2. When an argument is marked as containing a call using the `GTF_CALL` flag, then
we force that argument and any previous argument that is marked with any of the
`GTF_ALL_EFFECT` flags into temps.
	* Additionally, for `FEATURE_FIXED_OUT_ARGS`, any previous stack based args that
    we haven't marked as needing a temp but still need to store in the outgoing args
    area is marked as needing a placeholder temp using `needPlace`.
3. We force any arguments that use `localloc` to be evaluated into temps.
4. We mark any address taken locals with the `GTF_GLOB_REF` flag. For two special
cases we call `EvalToTmp()` and set up the temp in `fgMorphArgs`.  `EvalToTmp`
records the tmpNum used and sets `isTmp` so that we handle it like the other temps.
The special cases are for `GT_MKREFANY` and for a `TYP_STRUCT` argument passed by
value when we can't optimize away the extra copy.


Rules use to determine the order of argument evaluation
-----------------

After calling `ArgsComplete()` the `SortArgs()` method is called to determine the
optimal way to evaluate the arguments.  This sorting controls the order that we place
the nodes in the `gtCallLateArgs` list.

1. We iterate over the arguments and move any constant arguments to be evaluated
last and remove them from further consideration by marking them as processed.
2. We iterate over the arguments and move any arguments that contain calls to be evaluated first and remove them from further consideration by marking them as processed.
3. We iterate over the arguments and move arguments that must be evaluated into
temp LclVars to be after the ones that contain calls.
4. We iterate over the arguments and move arguments that are simple LclVar or
LclFlds and put them before the constant args.
5. If there are any remaining arguments, we evaluate them from the most complex
to the least complex.


Evaluating Args into new LclVar temps and the creation of the LateArgs
-----------------

After calling `SortArgs()`, the `EvalArgsToTemps()` method is called to create
the temp assignments and to populate the LateArgs list. Arguments that are
marked with `needTmp == true`.

1. We create an assignment using `gtNewTempAssign`. This assignment replaces
the original argument in the `gtCallArgs` list.  After we create the assignment
the argument is marked as `isTmp`.  The new assignment is marked with the
`GTF_LATE_ARG` flag. 
2. Arguments that are already marked with `isTmp` are treated similarly as
above except we don't create an assignment for them.
3. A `TYP_STRUCT` argument passed by value will have `isTmp` set to true
and will use a `GT_COPYBLK` or a `GT_COPYOBJ` to perform the assignment of the temp.
4. The assignment node or the CopyBlock node is referred to as `arg1 SETUP` in the JitDump.

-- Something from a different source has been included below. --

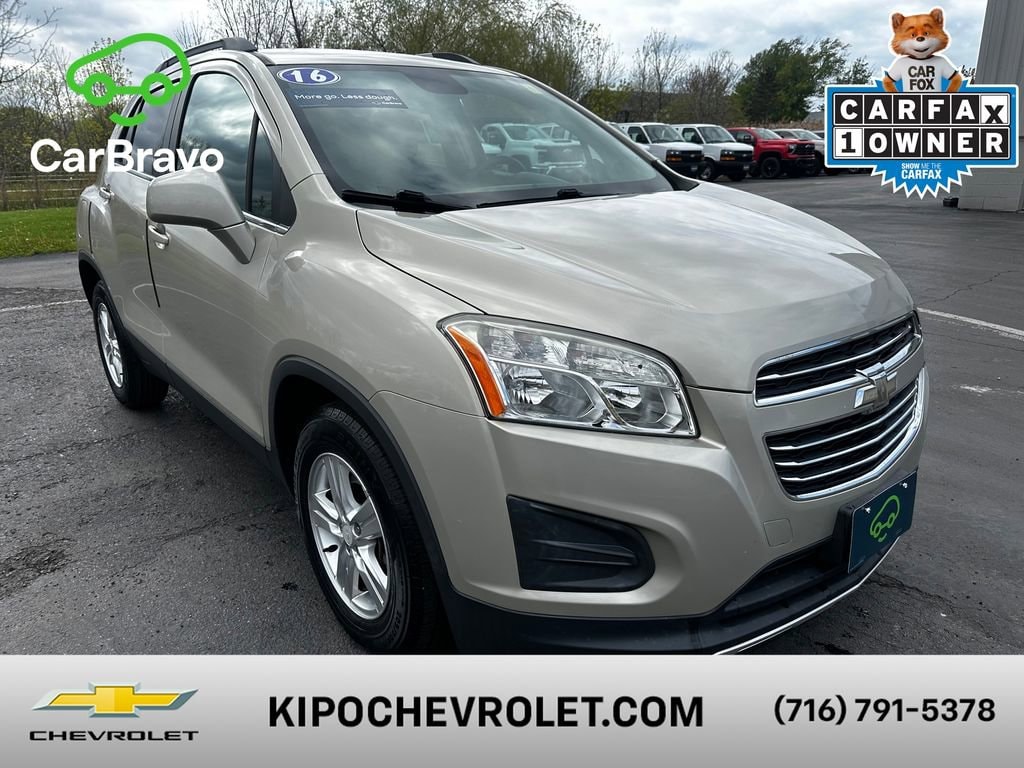 2016 Chevrolet Trax LT's photo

Argument that are marked with `needTmp == false`.
-----------------

1. If this is an argument that is passed in a register, then the existing
node is moved to the `gtCallLateArgs` list and a new `GT_ARGPLACE` (placeholder)
node replaces it in the `gtArgList` list.
2. Additionally, if `needPlace` is true (only for `FEATURE_FIXED_OUT_ARGS`)
then the existing node is moved to the `gtCallLateArgs` list and a new
`GT_ARGPLACE` (placeholder) node replaces it in the `gtArgList` list.
3. Otherwise the argument is left in the `gtCallArgs` and it will be
evaluated into the outgoing arg area or pushed on the stack.

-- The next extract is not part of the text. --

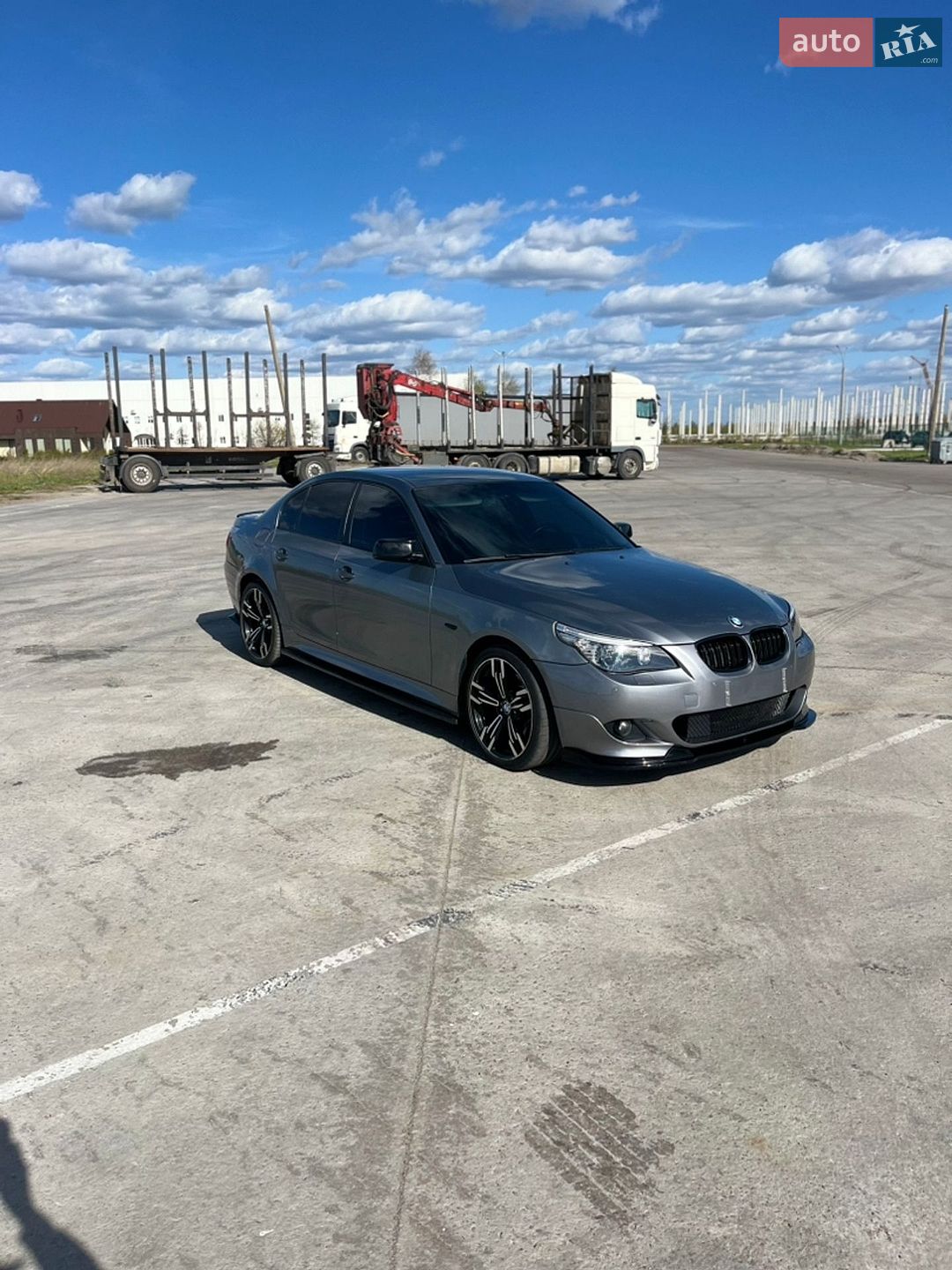 BMW 5 Series 2007 VIN WBANY71060CT71021 фото оголошення 26 з 31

After the Call node is fully morphed the LateArgs list will contain the arguments
passed in registers as well as additional ones for `needPlace` marked
arguments whenever we have a nested call for a stack based argument.
When `needTmp` is true the LateArg will be a LclVar that was created
to evaluate the arg (single-def/single-use).  When `needTmp` is false
the LateArg can be an arbitrary expression tree.